Caption-style text data:
=== Begin Enclosure ===

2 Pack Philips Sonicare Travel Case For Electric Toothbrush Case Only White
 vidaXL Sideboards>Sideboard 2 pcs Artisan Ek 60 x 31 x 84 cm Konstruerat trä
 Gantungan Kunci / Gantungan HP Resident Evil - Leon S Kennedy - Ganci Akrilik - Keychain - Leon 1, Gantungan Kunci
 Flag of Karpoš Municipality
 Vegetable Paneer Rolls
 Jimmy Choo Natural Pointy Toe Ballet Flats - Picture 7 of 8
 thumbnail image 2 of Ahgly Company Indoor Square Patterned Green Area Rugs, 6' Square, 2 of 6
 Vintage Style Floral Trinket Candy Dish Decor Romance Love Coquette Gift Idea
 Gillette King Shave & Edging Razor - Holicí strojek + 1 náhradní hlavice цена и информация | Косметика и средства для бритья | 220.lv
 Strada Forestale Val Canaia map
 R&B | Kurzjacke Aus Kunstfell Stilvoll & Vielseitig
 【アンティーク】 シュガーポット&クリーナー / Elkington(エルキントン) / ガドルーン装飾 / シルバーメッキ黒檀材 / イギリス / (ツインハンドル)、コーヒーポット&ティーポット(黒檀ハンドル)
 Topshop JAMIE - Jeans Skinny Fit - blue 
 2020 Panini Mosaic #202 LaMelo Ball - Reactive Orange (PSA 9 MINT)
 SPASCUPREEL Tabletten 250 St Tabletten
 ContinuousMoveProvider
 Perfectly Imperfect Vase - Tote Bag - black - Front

=== End Enclosure ===

# Try it:
Starting at the line that contains "SPASCUPREEL Tabletten 250 St Tabletten", retype each line through the last one in the records, both included, and add nothing.

# Answer to this problem:
 SPASCUPREEL Tabletten 250 St Tabletten
 ContinuousMoveProvider
 Perfectly Imperfect Vase - Tote Bag - black - Front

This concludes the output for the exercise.